W liceum próbowałam zaprzyjaźnić się z dziewczynami, ale znów nie znalazłyśmy za wiele wspólnych tematów. Z kilkoma się polubiłam i czasem rozmawiałyśmy, ale jednak większość czasu, w szkole i poza nią, spędzałam z chłopakami. Tu jednak w końcu też pojawił się zgrzyt, bo choć lubiłam te kumpelskie relacje, zaczęło się już robić irytujące bycie traktowaną jak chłopak. Wtedy potrzebowałam już trochę innego podejścia do mojej wrażliwości – takiego, żebym nie musiała udawać, że ona nie istnieje. Przez chwilę trzymałam się jeszcze z dziewczyną z równoległej klasy, ale to trwało chyba rok czy półtora i rozmyło się z przyczyn, których nigdy nie poznałam.
Przez długi czas relacje z dziewczynami kojarzyły mi się z samymi negatywnymi rzeczami. Począwszy od tego, że gdy jakąś poznaję, mierzy mnie wzorkiem i ocenia, przez to, że miałam wrażenie, że nie można mówić wprost, tylko bardzo na około, a skończywszy na tym, że zwykle nie mogłam się oprzeć wrażeniu, że zawsze coś się dzieje za moimi plecami. Sama zresztą miałam tak, że koledze mogłam powiedzieć, że mnie wkurwia, ale koleżance jakoś nie wypadało. O tym mogłam porozmawiać z inną koleżanką. Albo mogłam napisać, że w związku z czymś czuję się jakoś i wtedy tamta z kimś by to omówiła. Do tego w żeńskim gronie większość moich pomysłów była obśmiewana lub bagatelizowana, a sukcesów i figury wypadało się trochę wstydzić. W końcu trochę przestałam się utożsamiać z dziewczynami. Nie chciałam być taka jak one. Nie chciałam mieć kompleksów i wstydzić się robienia rzeczy, z których jestem dumna.
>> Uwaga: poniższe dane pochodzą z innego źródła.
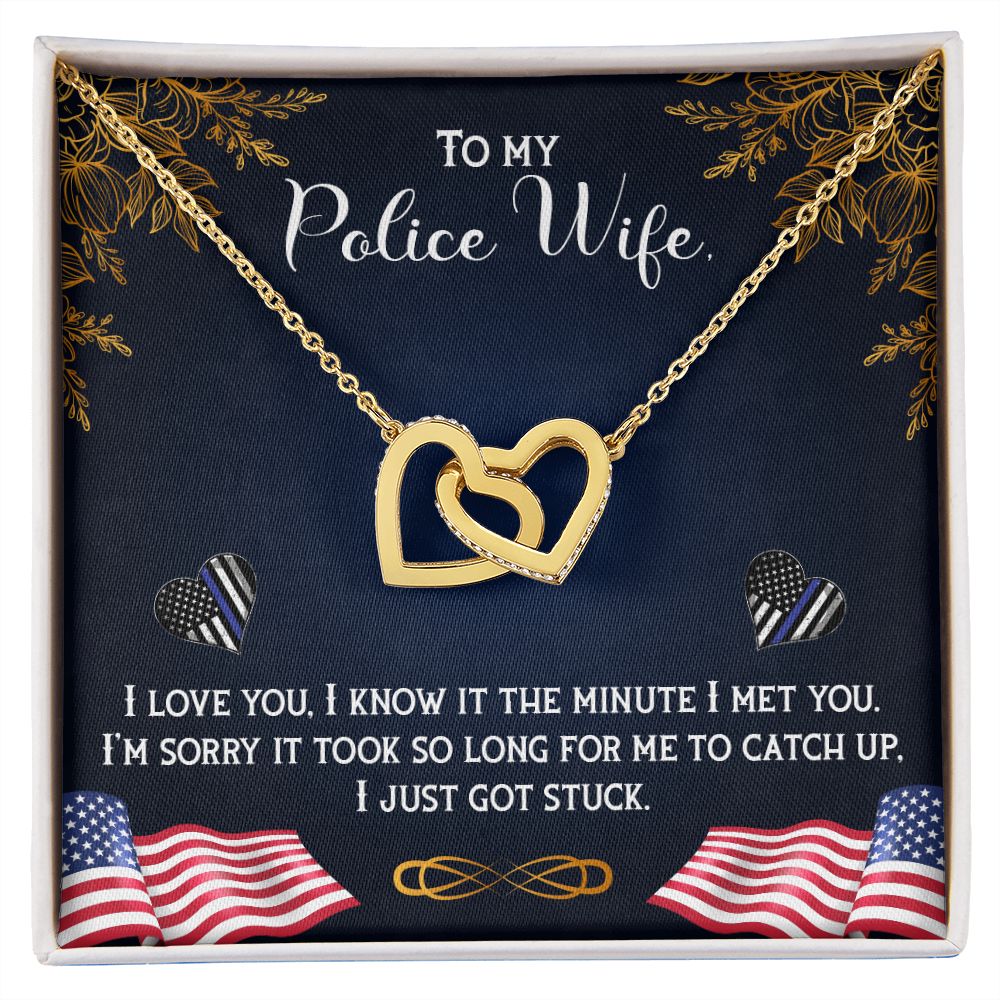 Police wife Interlock love Necklace, wife present, Personalized gifts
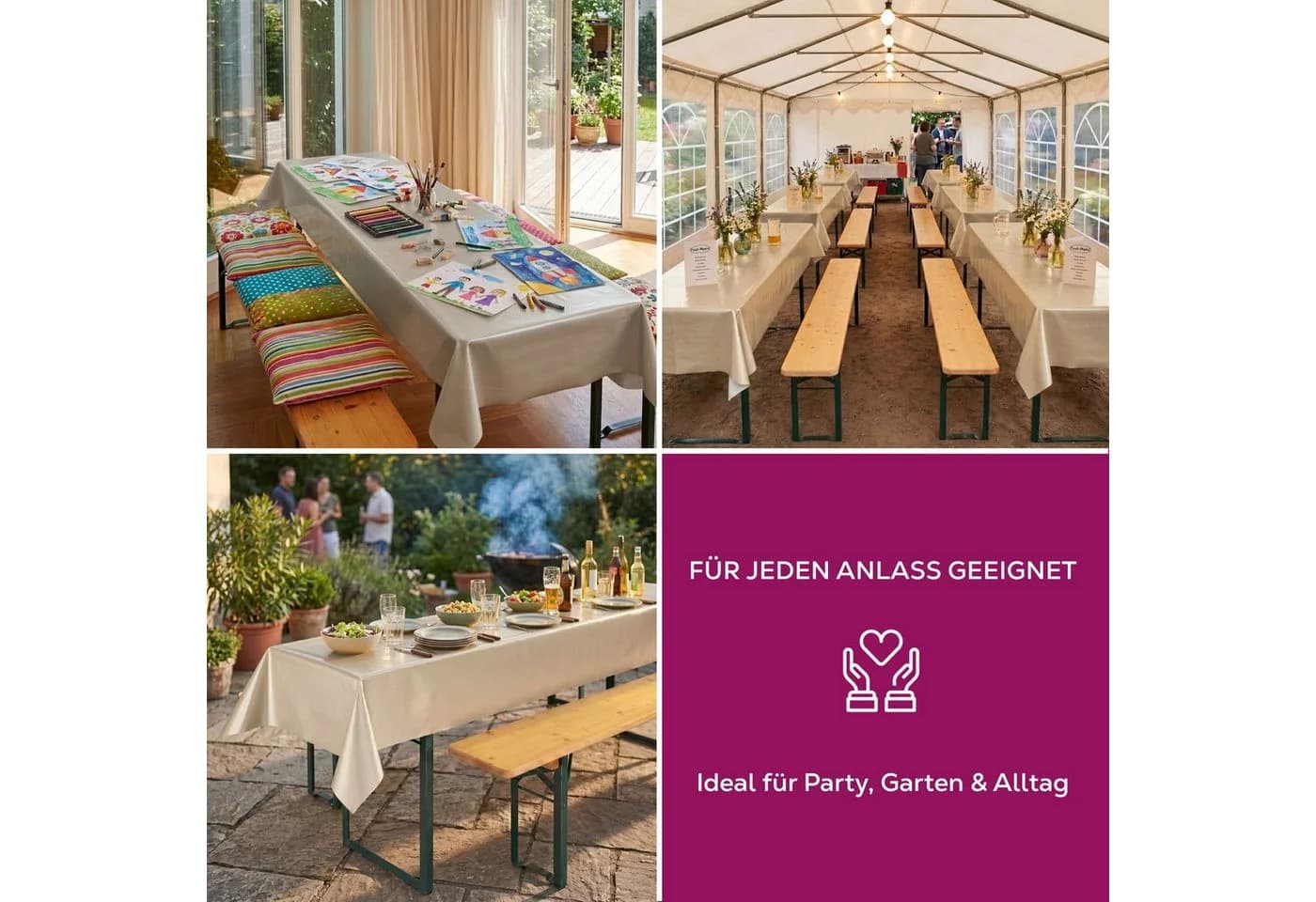 Beautex Partytischdecke Silber 100x250cm wasserabweisend - Bild 4
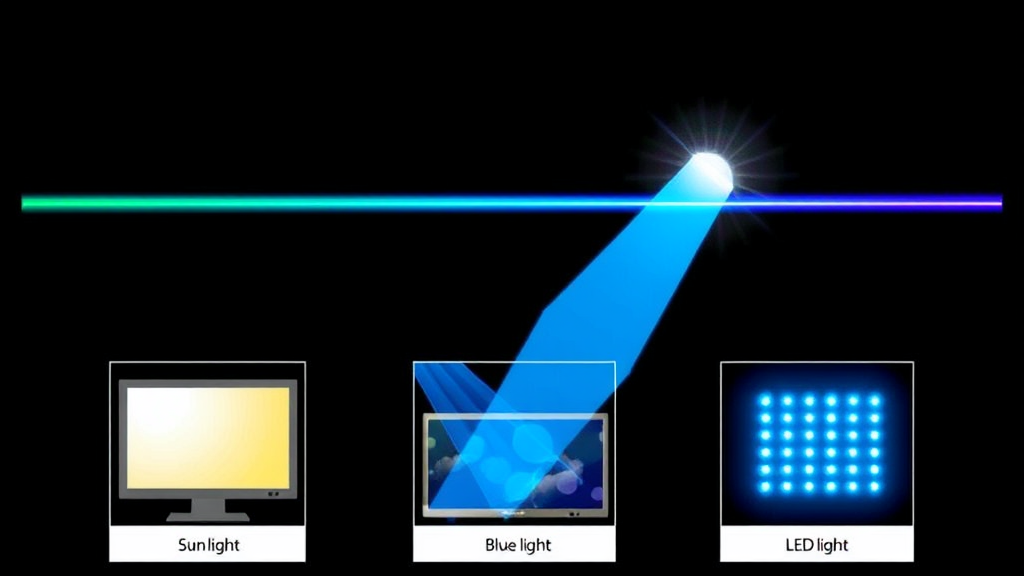 Illustration showing the spectrum of visible light highlighting the blue light range, alongside images of sunlight, digital screens, and LED lights emitting blue light.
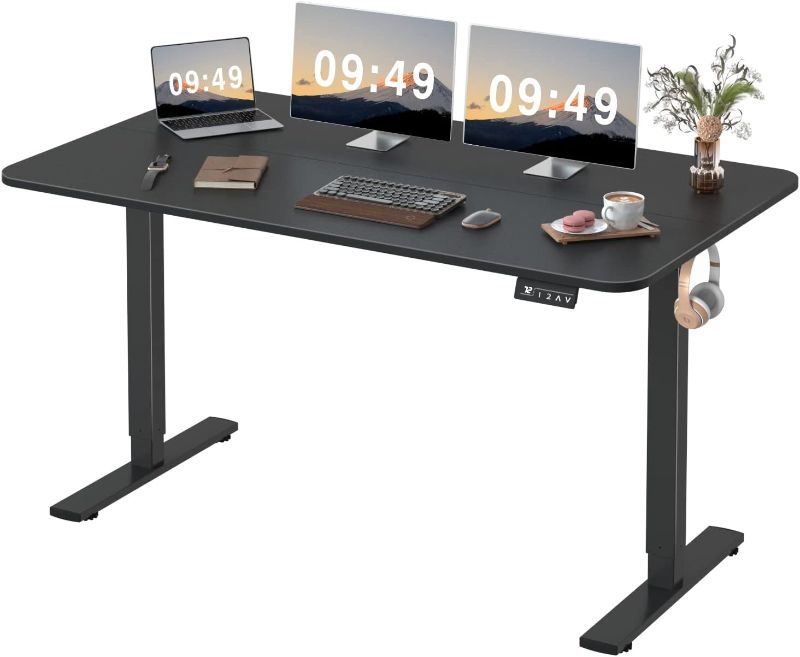 Photo 1 of *DIFFERENT FROM STOCK PHOTO* Electric Height Adjustable Standing Desk Large 55 x 24 Inches Sit Stand Up Desk Home Office Computer Desk Memory Preset with T-Shaped Metal Bracket, Black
Chciałam mówić i myśleć o sobie dobrze, zamiast w każdej rozmowie sztucznie zaniżać swoją wartość. Chciałam móc być dziewczyną, ale nie taką. Oczywiście w ciągu swojego życia poznałam kilka szczerych, życzliwych dziewczyn, z którymi nie bałam się przyjaźnić, ale to zawsze była mniejszość. Mam wrażenie, że nadrobiłam w ciągu ostatniego roku, uczestnicząc w Klubie Otwartej Szuflady.
Wtedy też zaczęłam rozumieć, że nie jestem jedyną, która nie chciała być taka jak inne i która trochę bała się tej damsko-damskiej przyjaźni. Jak się tak dłużej zastanowiłam, ten stan rzeczy był całkiem logiczny. W końcu od małego częściej lub rzadziej słyszałyśmy na przykład, że faceta trzeba pilnować, bo jak nie to pójdzie do innej. No to jak przyjaźnić się z jakąkolwiek dziewczyną, skoro ona teoretycznie może w ułamku sekundy zniszczyć nam życie? (Pomijam już traktowanie mężczyzn jak niczego nieświadome, bezrozumne istoty, którym penis wskazuje drogę – to temat na inną notkę). Mamy też zakodowane, że cudze samopoczucie jest ważniejsze niż nasze, więc jak mamy rozmawiać szczerze, skoro nasze słowa mogłyby kogoś urazić? Robimy sugestie, z nadzieją, że druga osoba się domyśli, ale ona rzadko to robi, więc nosimy w sobie frustrację. Czasem oczywiście komuś się wygadamy, ta osoba pewnie powtórzy kolejnej i ostatecznie ta, która nas wkurza, i tak się dowie – ale to już nie nasza wina, tylko któregoś ogniwa łańcuszka, który puścił parę z ust. Często też słyszałyśmy, że czegoś nam nie wypada – nosić za głębokiego dekoltu, za krótkiej sukienki, mieć zbyt spiętych włosów lub zbyt rozpuszczonych, być poważną lub śmiać się za głośno. Stosujemy się do tych zasad, żeby nikomu nie podpaść, a później spotykamy dziewczynę, która łamie je beztrosko, a przy tym wydaje się być szczęśliwa i nie wygląda, jakby czegoś jej w życiu brakowało – no jak tu ją lubić? Jak przyjaźnić się z kimś, kto ma odwagę robić rzeczy, o których my wstydzimy się choćby pomyśleć?
Tak nas wychowano – na swoje konkurentki. I czasem się może lubimy, ale nigdy nie tracimy czujności. Wystarczy już tego. To strasznie męczące i tracimy przez to energię, którą mogłybyśmy zużyć na, no nie wiem, choćby spełnianie marzeń i podbój świata. 😀 Ostatni rok pokazał mi, że wokół jest naprawdę mnóstwo fantastycznych dziewczyn, z którymi można śmiać się i płakać i nie trzeba się martwić, że zaraz dowiedzą się o tym osoby trzecie. Odsłoniłam przy nich swoje najwrażliwsze miejsca, a one czule się nimi zaopiekowały. Zaprzyjaźniłam się z dziewczynami i nic złego mi się nie stało. Tak, kiedyś wolałam chłopaków. Dziś nie wyobrażam sobie życia bez otrzymywania i dawania kobiecego wsparcia, a bycie dziewczyną daje mi siłę, zamiast wzbudzać chęć dopowiedzenia: ale nie taką jak inne.
Chcę być taka jak inne – bo wszystkie jesteśmy wyjątkowe.